### What needs to be done
Nothing but the lines below, from the first through the line containing "mint shrimp sugarcane in Hanoi, Vietnamese food mint", should be set down, each one exactly and without pictures.

BEGIN

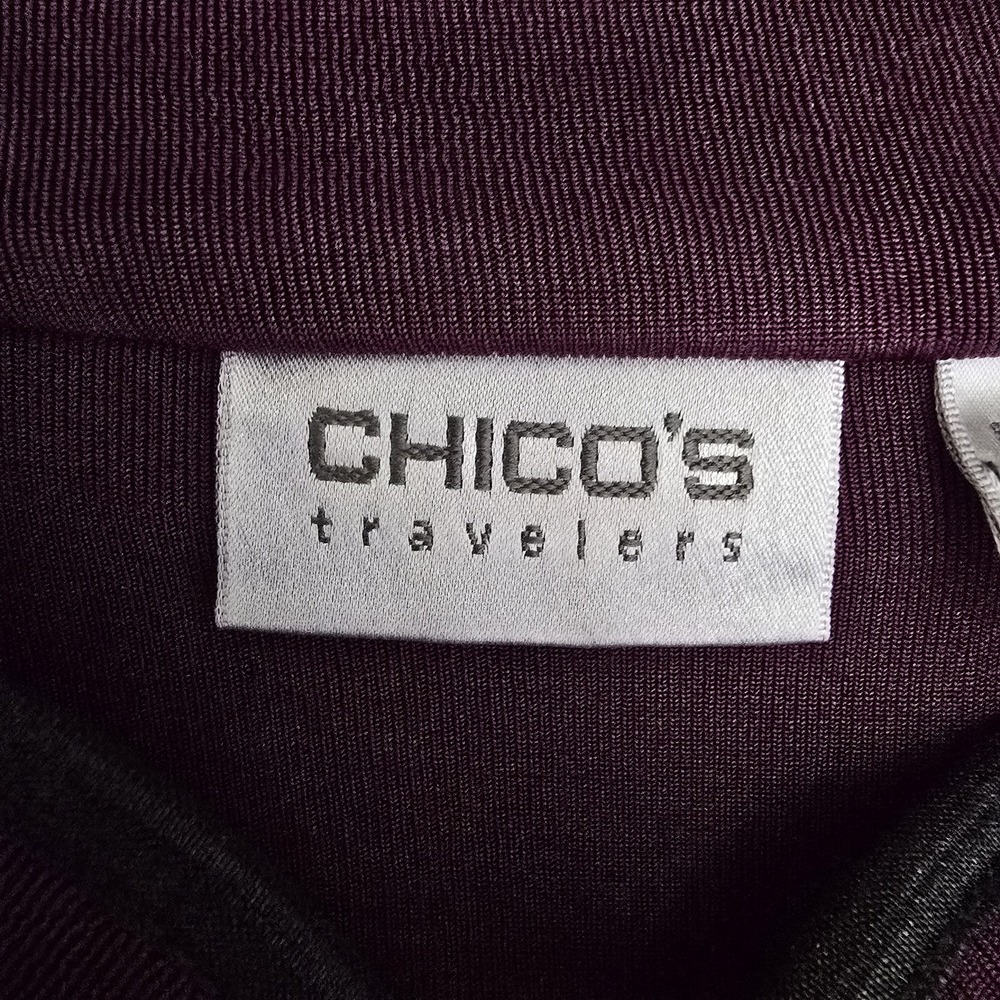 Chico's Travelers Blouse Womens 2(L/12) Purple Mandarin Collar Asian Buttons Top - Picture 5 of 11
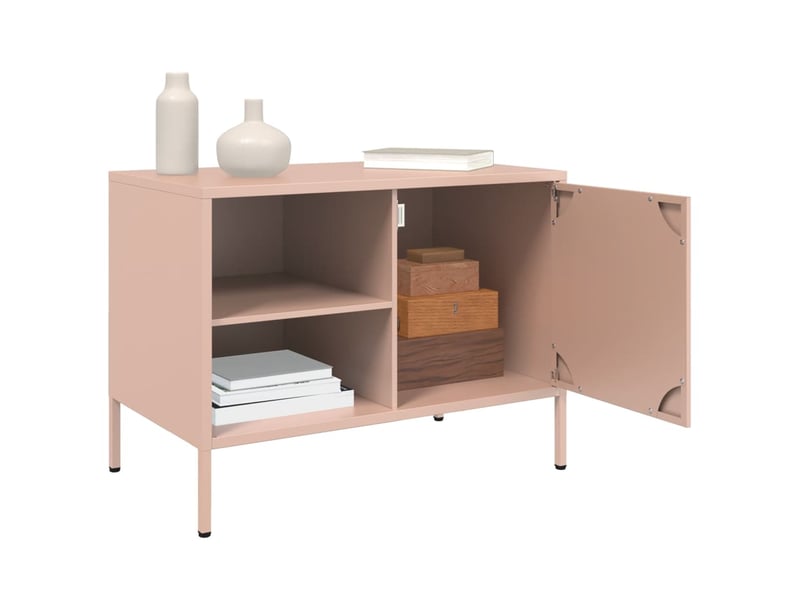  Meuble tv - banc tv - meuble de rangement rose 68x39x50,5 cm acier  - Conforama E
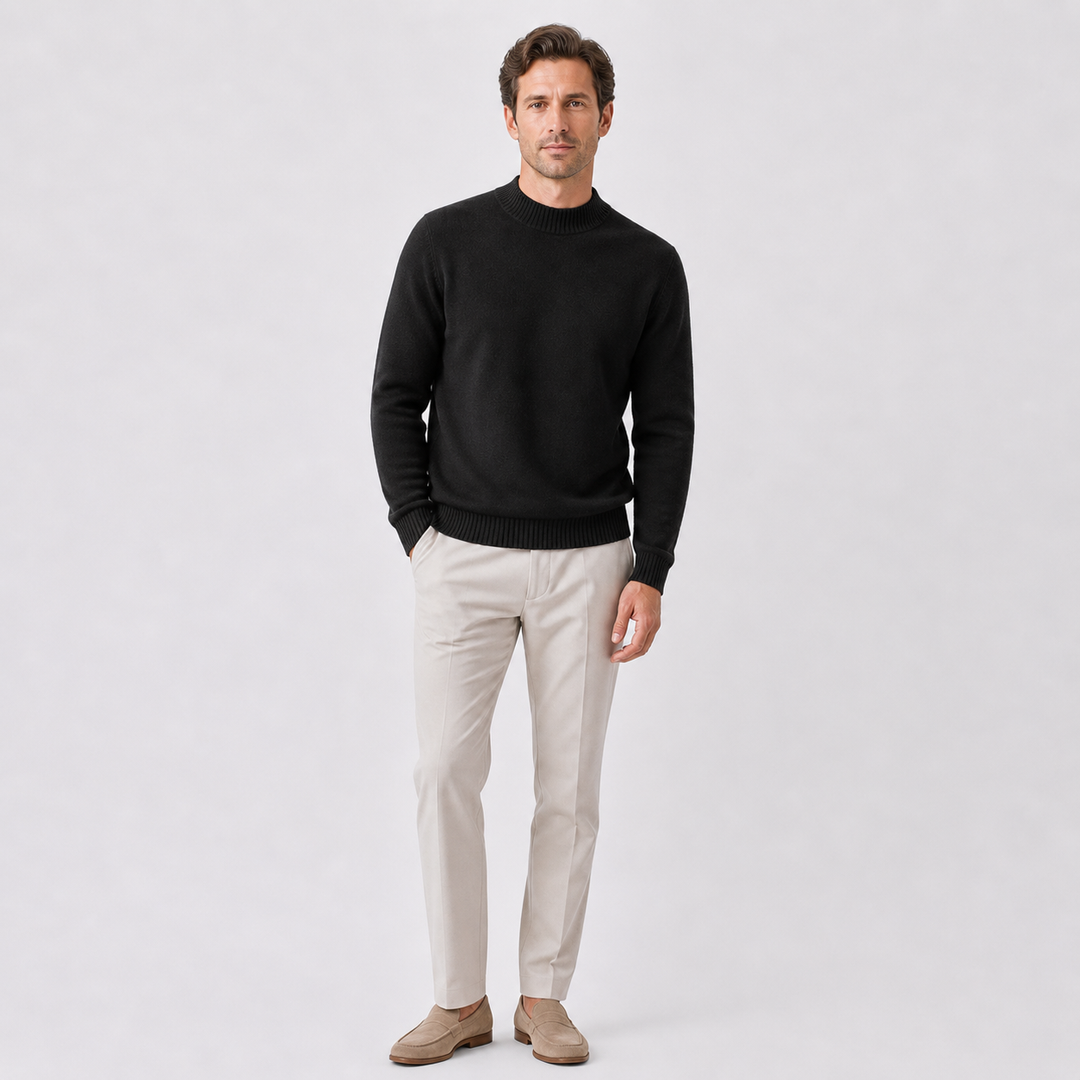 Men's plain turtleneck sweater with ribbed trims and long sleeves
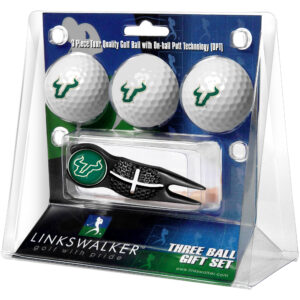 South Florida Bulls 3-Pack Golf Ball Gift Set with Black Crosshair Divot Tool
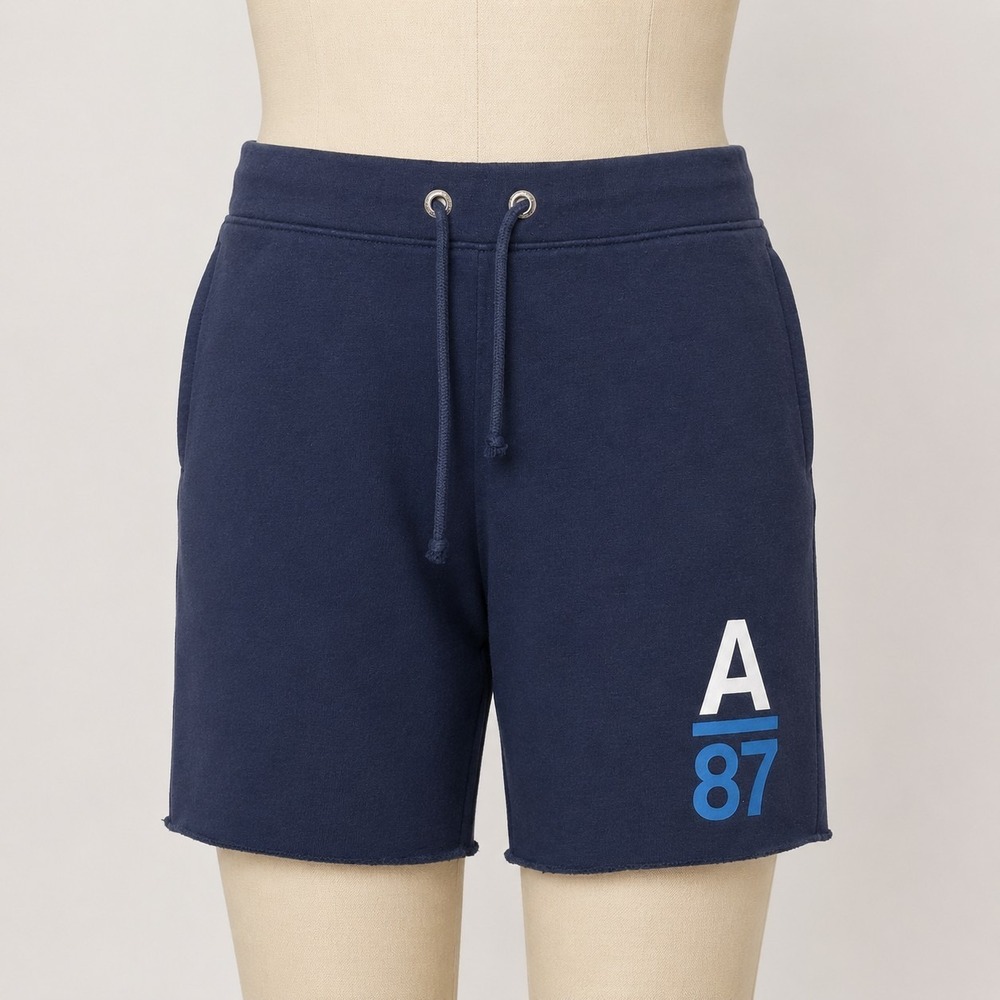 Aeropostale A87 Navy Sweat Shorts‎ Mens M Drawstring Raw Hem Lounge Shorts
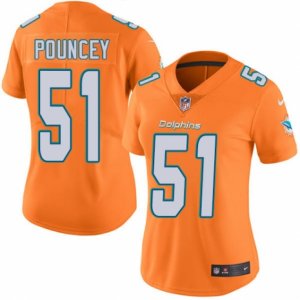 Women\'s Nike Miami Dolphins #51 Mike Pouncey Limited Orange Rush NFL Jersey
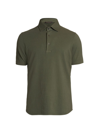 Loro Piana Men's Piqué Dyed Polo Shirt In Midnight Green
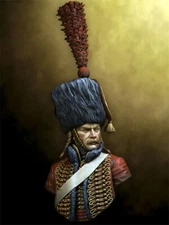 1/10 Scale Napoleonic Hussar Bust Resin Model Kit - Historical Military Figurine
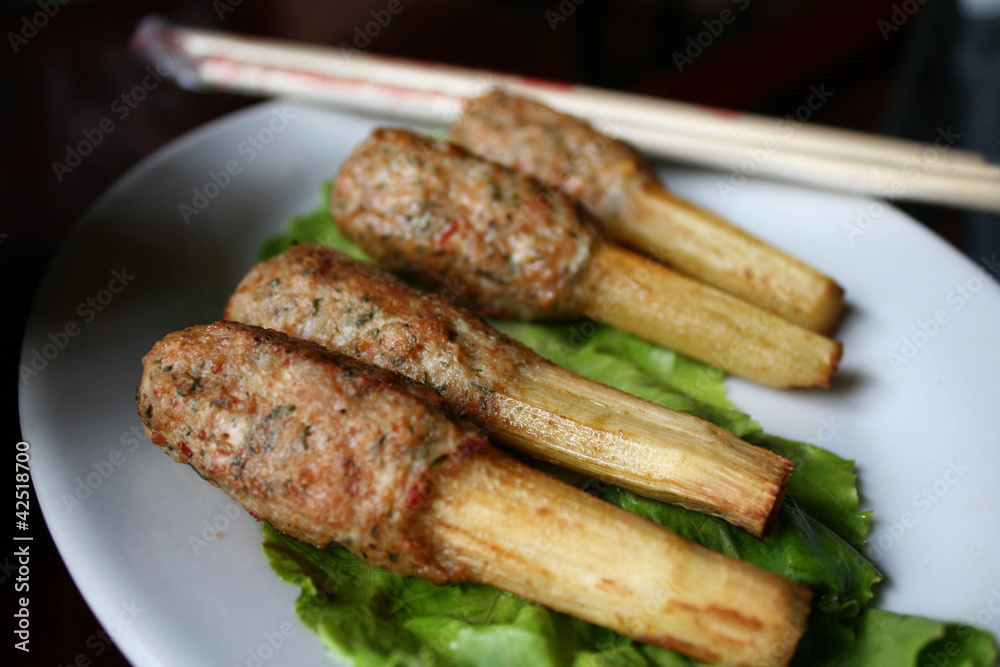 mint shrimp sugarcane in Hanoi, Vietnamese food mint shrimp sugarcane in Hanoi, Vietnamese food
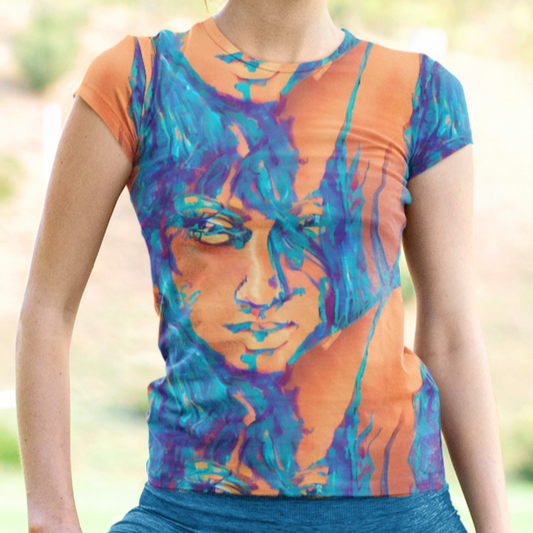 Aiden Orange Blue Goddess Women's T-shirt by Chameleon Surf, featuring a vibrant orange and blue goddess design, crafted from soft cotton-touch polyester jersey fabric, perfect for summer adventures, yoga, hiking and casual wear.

END

### Expected answer
 Chico's Travelers Blouse Womens 2(L/12) Purple Mandarin Collar Asian Buttons Top - Picture 5 of 11
  Meuble tv - banc tv - meuble de rangement rose 68x39x50,5 cm acier  - Conforama E
 Men's plain turtleneck sweater with ribbed trims and long sleeves
 South Florida Bulls 3-Pack Golf Ball Gift Set with Black Crosshair Divot Tool
 Aeropostale A87 Navy Sweat Shorts‎ Mens M Drawstring Raw Hem Lounge Shorts
 Women\'s Nike Miami Dolphins #51 Mike Pouncey Limited Orange Rush NFL Jersey
 Loro Piana Men's Piqué Dyed Polo Shirt In Midnight Green
 1/10 Scale Napoleonic Hussar Bust Resin Model Kit - Historical Military Figurine
 mint shrimp sugarcane in Hanoi, Vietnamese food mint shrimp sugarcane in Hanoi, Vietnamese food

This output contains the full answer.